Lecture situation in the Master of International Social Work with Refugees and Migrants

Background

An escaped family of four walks through a small German town.
Master International Social Work with Refugees and Migrants

Germany is a migration society. Already in 2013, more than 20 % of the population had a migrant background; in the former West German states and in highly populated cities this share is even higher. 

There is a rising tendency. In 2014, the Central Register of Foreign Nationals (Ausländerzentralregister, AZR) listed almost 8.2 million people with exclusively foreign nationality - so many like never before. Within the year 2014, the number of foreigners rose by a net 519,000 people (+6.8 %). Throughout the year 2014, 202,834 people applied for asylum, among them 173,072 first applications; already within the first eight months of 2015, there were 256,938 applications for asylum, among them 231,302 first applications (see BAMF 08/2015: current figures on asylum); for the whole year, up to 800,000 refugees are expected in Germany alone. 
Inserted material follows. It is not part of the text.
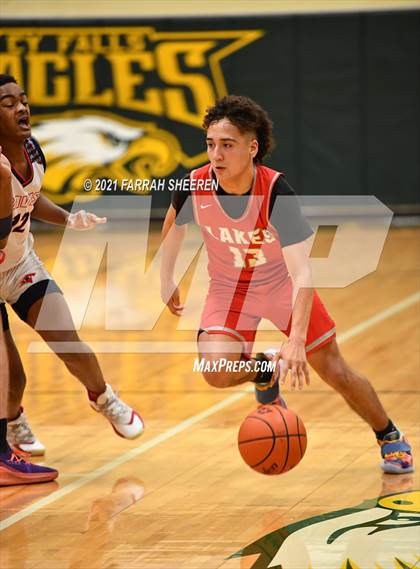 Thumbnail 1 in Cy Lakes v Benjamin Davis (UIL 6A Area Round Playoff) photogallery.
Due to ongoing international and national conflicts, subsequent immigration of family members, global inequality in the distribution of resources and changing environmental conditions, growing mobility, demographic changes, and the lack of skilled workers this development will not only continue, but accelerate. The communication of understanding and acceptance of the free democratic order and the values behind it will become an existential challenge for the cohesion of society and thus the future of welfare state under the rule of law as we know it. This requires an intentional and professional approach, for which only appropriately oriented social professiona - above all social work - can vouch.

Interculturality and pluralism, characteristics of the modern immigration society, are developments that also increasingly affect social work. The establishment of a “welcome culture”, which is, among other things, politically focused, the promotion of diversity and intercultural openness also influence the scope of action of social work, whose focus group has an above-average migrant background. Against the background of the globalisation of social problems, social work must take a stand and prove its ability to act in this context on a national and international level. By implementing the master's programme International Social Work with Refugees and Migrants, our Faculty is responding to the high and still growing demand for specialists in working with refugees and migrants in the national and international context by enabling them to take on management tasks in this area.